How does memory allocate for struct and union in C program?

Question

In structure, memory space will be created for all members inside structure. In union memory space will be created only for a member which needs largest memory space. Consider the following code:

struct s_tag
{
   int a;
   long int b;
} x;

struct s_tag
{
   int a;
   long int b;
} x;

union u_tag
{
   int a;
   long int b;
} y;

union u_tag
{
   int a;
   long int b;
} y;

Here there are two members inside struct and union: int and long int. Memory space for int is: 4 byte and Memory space for long int is: 8

So for struct 4+8=12 bytes will be created while 8 bytes will be created for union.

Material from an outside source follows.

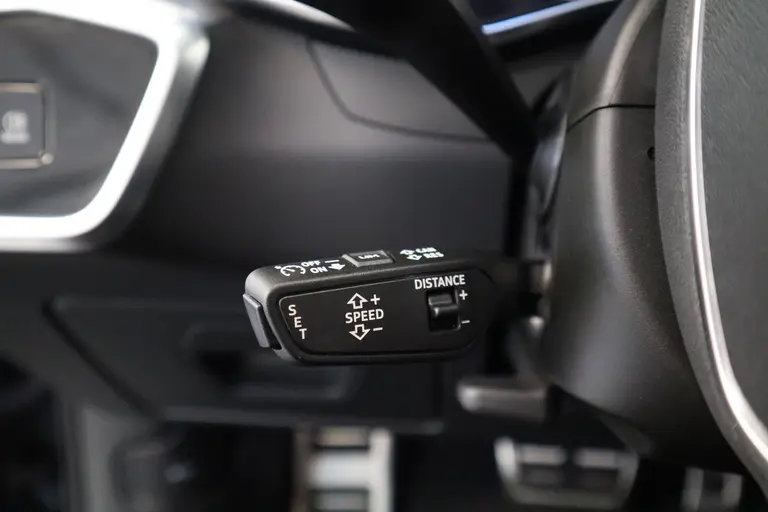 Audi A6 Limousine 55 TFSI e Quattro Pro Line S Competition 256pk Panorama Navigatie Cruise Control Volleder interieur Stoel/Stuur verwarming. afbeelding 12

I run the following code to see a proof: C

#include<stdio.h>
struct s_tag
{
  int a;
  long int b;
} x;
union u_tag
{
     int a;
     long int b;
} y;
int main()
{
    printf("Memory allocation for structure = %d", sizeof(x));
    printf("\nMemory allocation for union = %d", sizeof(y));
    return 0;
}

But I can see the following output:

Memory allocation for structure = 16
Memory allocation for union = 8

Why memory allocation for struct is 16 instead of 12? Is there any wrong in my understanding?

Answer 1

Most likely the requirement for aligning memory access on X byte boundaries. Also, it's up to the compiler - it can do what it likes.

Answer 2

The compiler adds invisible padding bytes between the two struct members which make sure that the address of the long member is a multiple of sizeof(long), so that the variable is correctly aligned in memory. Depending on the CPU architecture, if a variable is not correctly aligned, accesses to it might crash the program, result in incorrect values, just be slow or work as expected.